In the meantime, since the party was going to do so well in the constituency vote, who cared whose names filled the blank spaces on the regional list ballot papers? Who did you say wants to be on the list? Never heard of them… yeah, sure, whatever.
And then polling day happened and the electorate’s flirtation with the SNP started to look less like a one-night stand and more like a couple looking at venues for the reception…
And suddenly there was a realisation in the party that maybe they should have read those list candidates’ CVs a bit more carefully. And then the next four years happened and here we are.
Parties win – or at least recover – when they are determined to leave their comfort zone, when they challenge themselves, when they start to do things radically different from The Way It’s Always Been Done.
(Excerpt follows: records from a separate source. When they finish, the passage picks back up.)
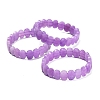 Oval Natural Malaysia Jade Beaded Stretch Bracelets G-P589-02A-03-4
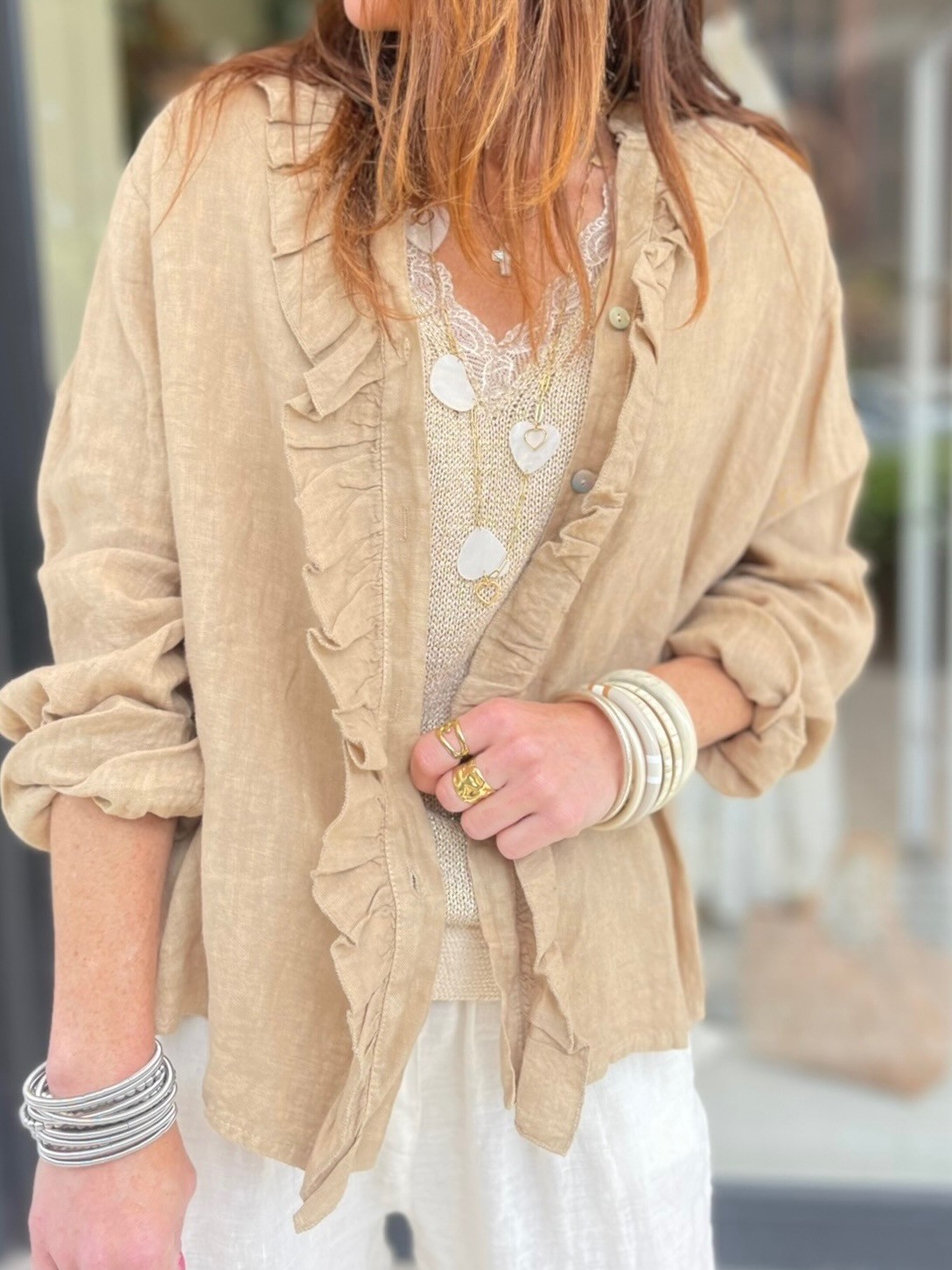 Chemise lin camel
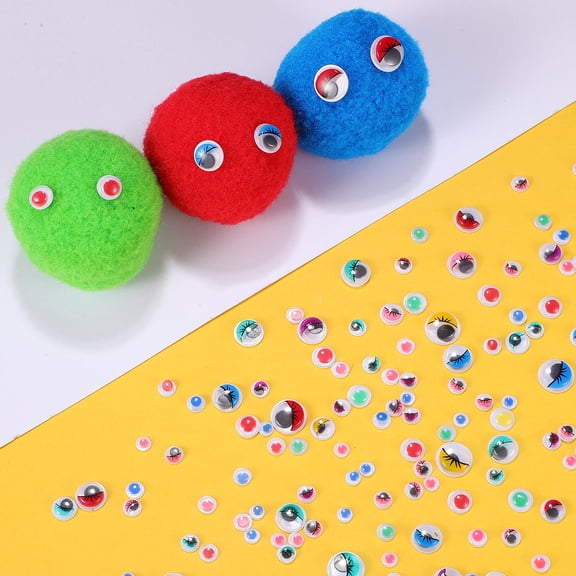 OUNONA Assorted Color Plastic Wiggle Eyes for DIY Crafts 600Pcs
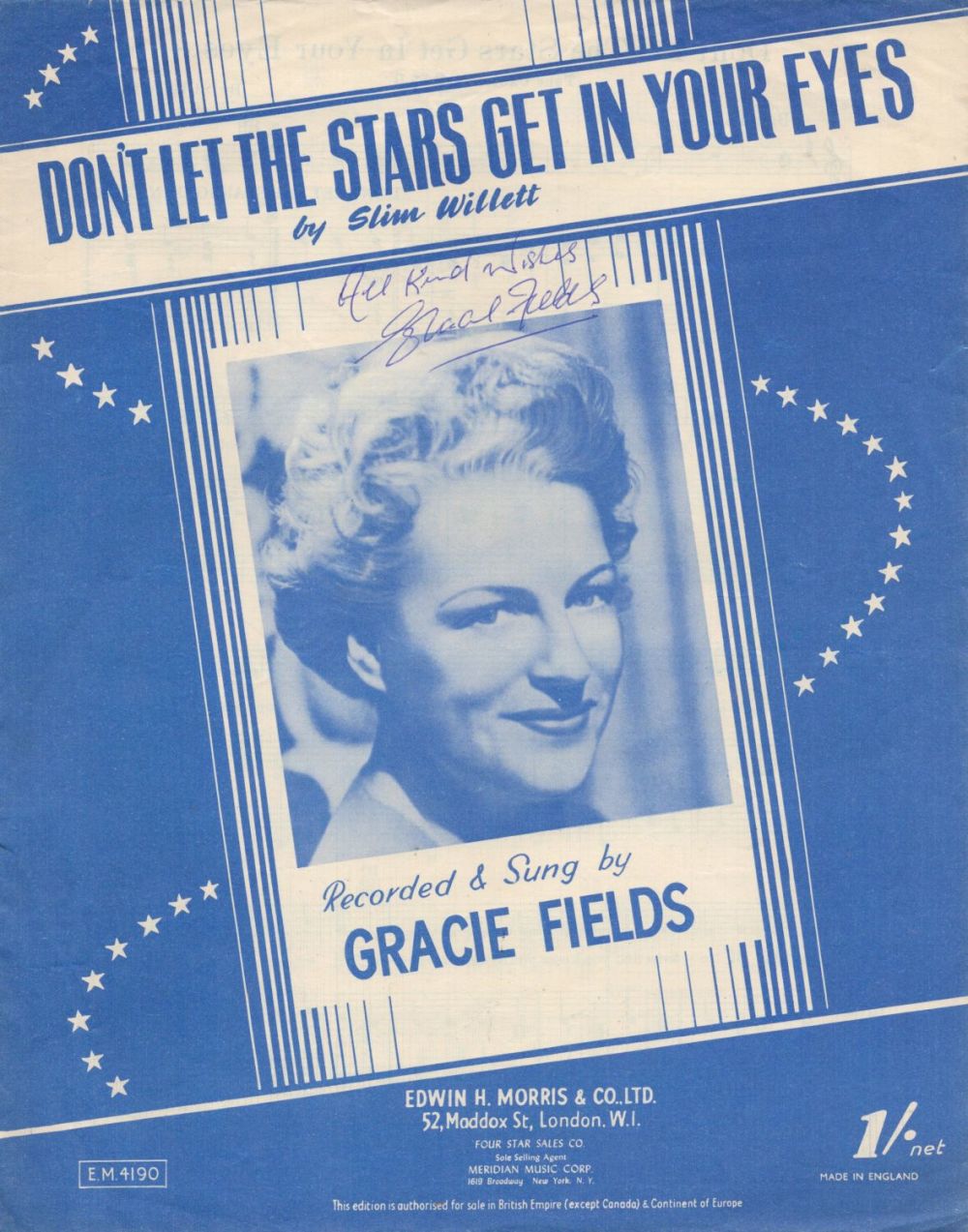 Lot 850: Musician Gracie Fields Signed Original Don't Let the...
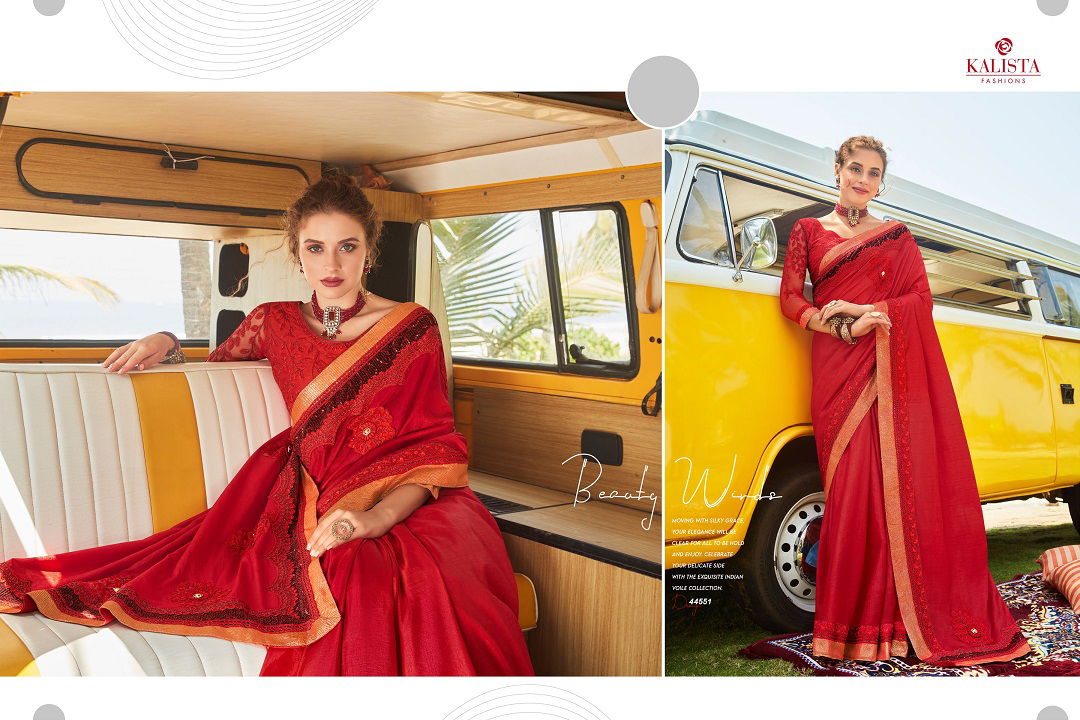 Kalista Glorious 8 Latest Fancy Designer Wedding Wear Vichitra Silk Heavy Embroidered Saree Collection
Jim Murphy’s reforms didn’t exactly represent Scottish Labour’s Clause IV moment; his suggested changes won’t grab anyone’s attention beyond the small and exclusive clique of party activists and a few dedicated reporters. But they do threaten, at long last, the complacency of the party establishment and its power brokers by suggesting – horrors! – that maybe we should try to be a bit democratic and ever so slightly professional.
And therein lies one of the biggest traps awaiting Scottish Labour: yesterday marked the triumph of Jim Murphy and the modernisers in bringing forward “radical” reforms that voters surely recognise have been standard practice in every other party for years.
Still, better to arrive in the future later than everyone else than not to arrive at all.